Choosing bespoke joinery also gives you the chance to personalise a space and to express your individuality by choosing a particular material, cabinet style, colour, finish, door handle etc. and creates a little space for all of your special items, be it a particularly large shoe or tie collection or some beautiful plates which you would like to display.
Joinery can add value to a property if is well designed as future buyers will value the additional storage space and luxury look of bespoke joinery. Fitted wardrobes, in particular, can make a room look much bigger than it actually is as they free up floor space which would otherwise be taken up by freestanding furniture pieces. They also make a space look calm and elegant with everything neatly tidied away.
However, bespoke joinery is expensive. A small wardrobe starts at around £2,000 but the cost can be double or more if it is a large walk-in closet. The price will also increase if the wardrobe is not made with proper wood rather than MDF and laminate. Spray painted doors are more expensive than hand-painted doors and a painted or wallpapered interior will add cost too.
Another big cost factor is the internal configuration of a wardrobe, with drawers being much more expensive than just shelves. A luxurious wardrobe will also include lighting which may require rewiring which could be a substantial cost. The ironmongery which is chosen for a particular piece of joinery is also a cost factor – there is a large choice from very basic and affordable handles to elaborate and luxurious pieces that can totally change the look and feel of the joinery but also substantially increase the price.

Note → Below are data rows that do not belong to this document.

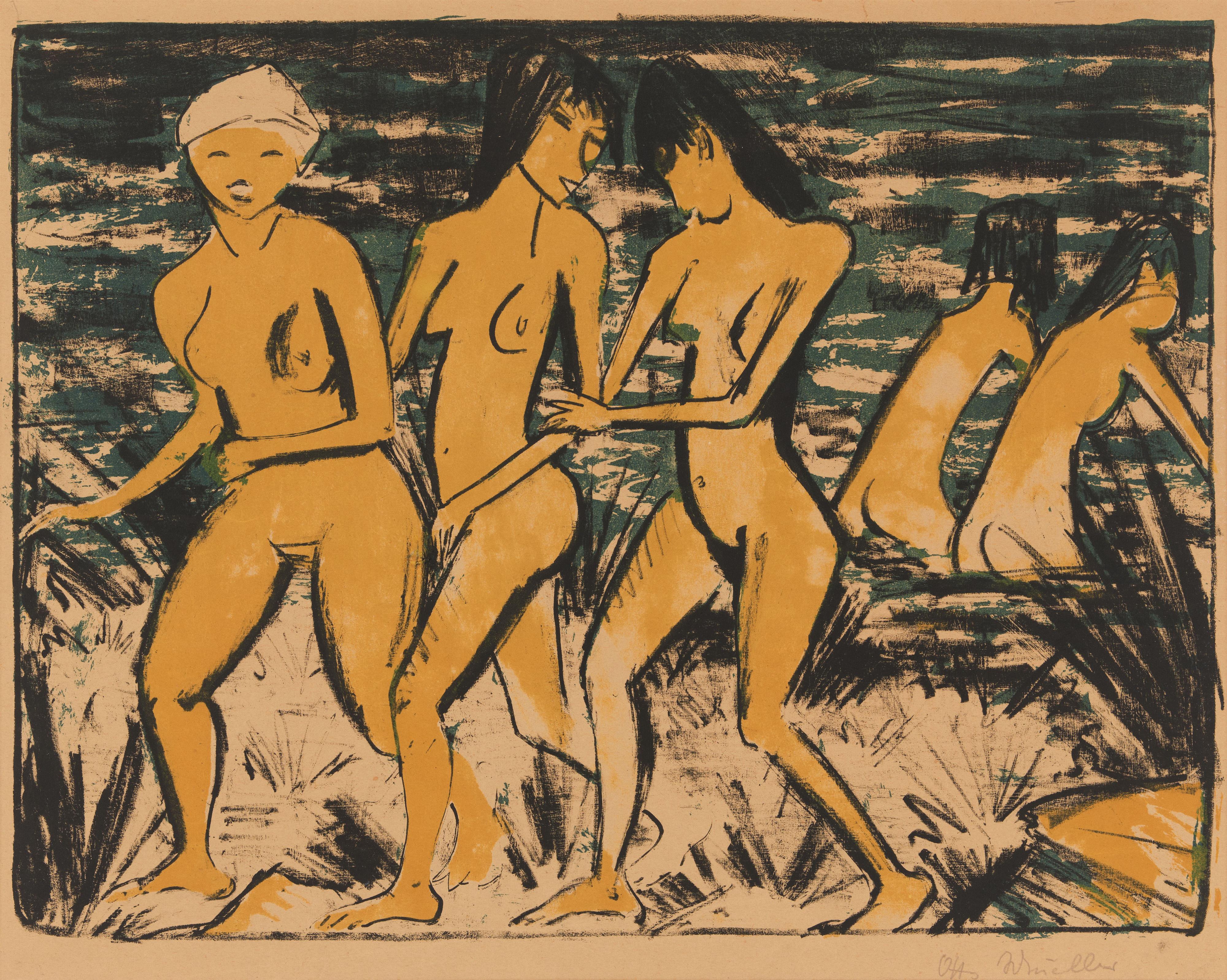 Otto Mueller - Fünf gelbe Akte am Wasser - image-1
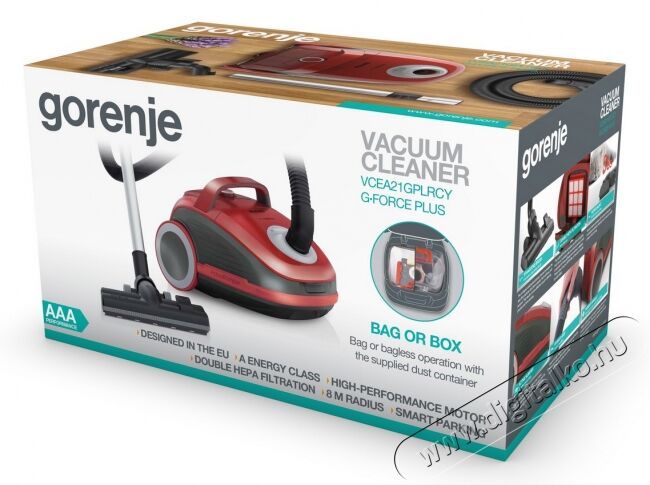 Gorenje VCEA21GPLRCY porzsákos és portartályos porszívó Háztartás / Otthon / Kültér - Porszívó / takarítógép - Porzsákos porszívó - 334196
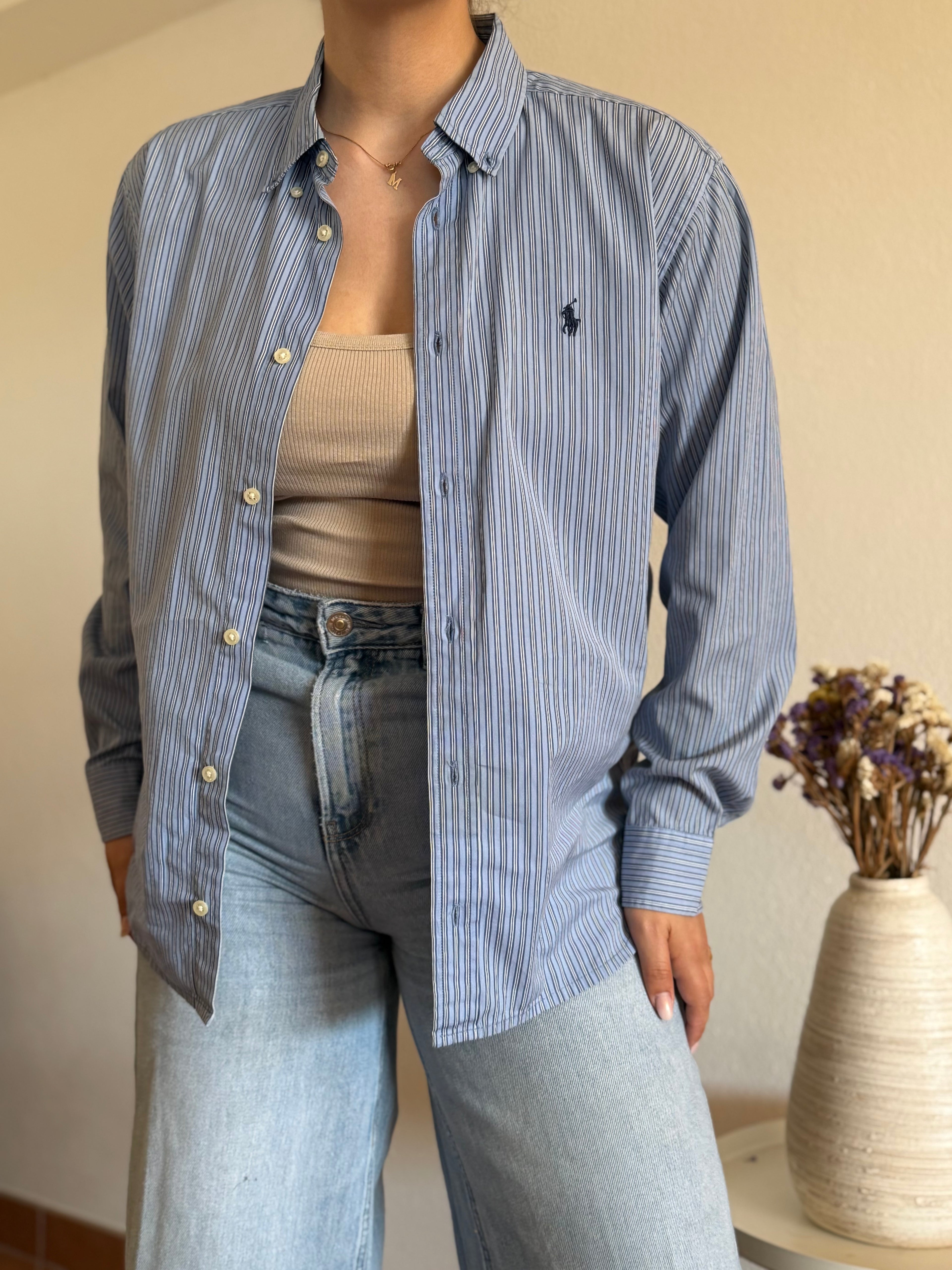 Camisa Ralph Lauren Blue Pinstripe – Vintage Youth (Fits M Adult)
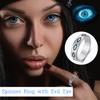 Anxiety Ring for Women - Evil Eye Fidget Spinner Ring in Stainless Steel Silver, Size 9 view 3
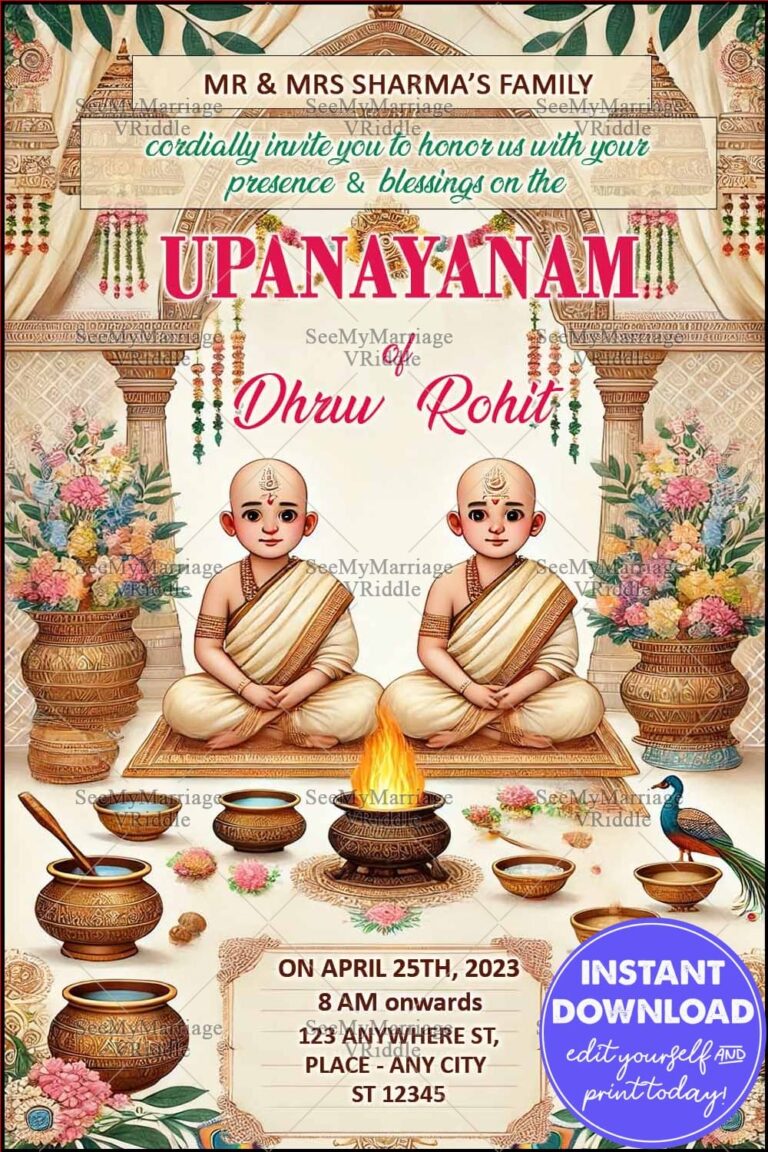 Traditional Upanayanam Invitation with Ritual Illustration and Floral Decor in Warm Tones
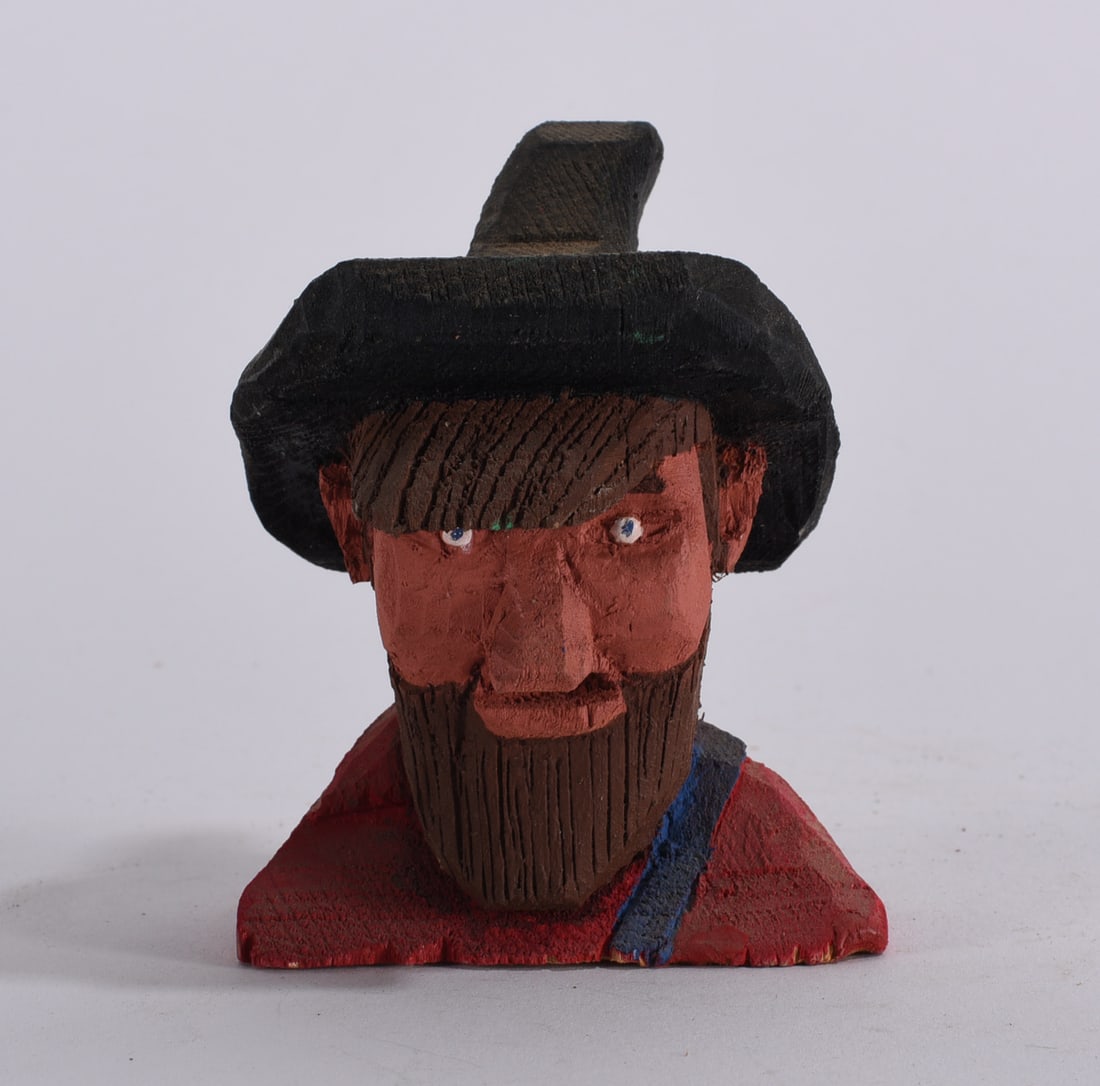 Clyde Herman Folk Art Wood Carving: Clyde Herman Folk Art Wood Carving 3" Clyde Herman carved 100's of carvings from the mid 1970s to the early 2000s. He was from Mercer, PA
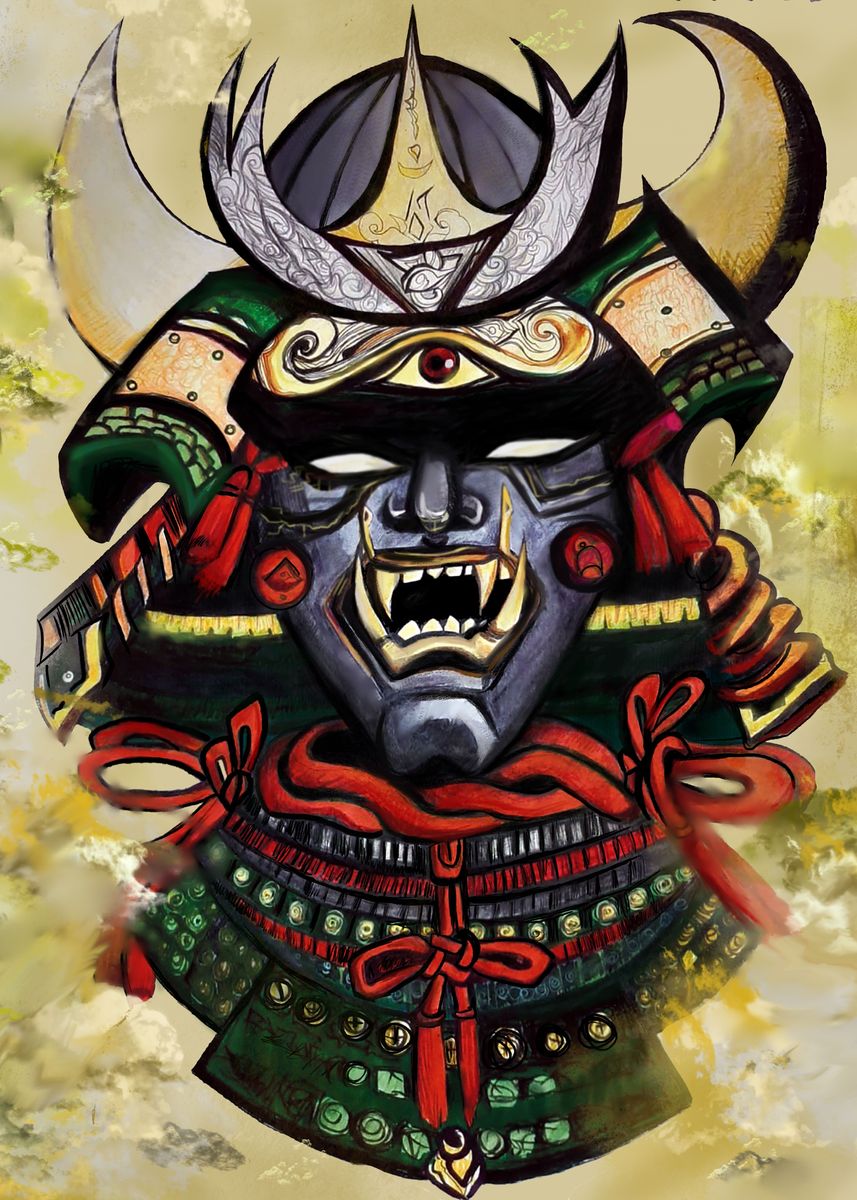 'Samurai Oni' Poster by Yahsahra  | Displate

Given the price of bespoke joinery, it is important to properly consider the purpose the piece of joinery one is about to commission must serve. The height of the hanging rail for example must be such that the person using that wardrobe can reach it, the drawers must have a reasonable depth so they can store enough items but also not be so deep that things get lost in them and they are not practical. The weight of doors, shelves and drawers must be taken into account as well as the quality of the hinges and rails so they can take the weight, and doors and shelves do not start to drop.
A downside of bespoke joinery is the lack of flexibility. In a children’s bedroom for example, a fitted baby bed or bunk bed may not be sensible as the child will grow out of it unless the design is such that the size or style of the bed can be adjusted to reflect the child’s age. Similarly, a fitted desk cannot be moved around the room to change the background for a zoom call or enjoy the sunlight coming from a different angle. In some instances, a free standing piece of furniture which can be replaced or moved might therefore be a better choice.
You will need to consider many factors as well as taking into account the cost of bespoke joinery before taking the decision whether to have a bespoke piece made or to buy something standard. An interior designer can help design a piece which really works for the room. The designer will recommend the right finish and interior configuration, as well as supervise the construction if necessary to ensure that the bespoke piece perfectly meets your purpose. Or the designer can advise against the bespoke piece if it is perhaps not the best solution for the room involved.
Bespoke joinery can add value to your property as well as enhancing your enjoyment of your home or can be an expensive mistake. Involving an interior designer means that you will make the right choice.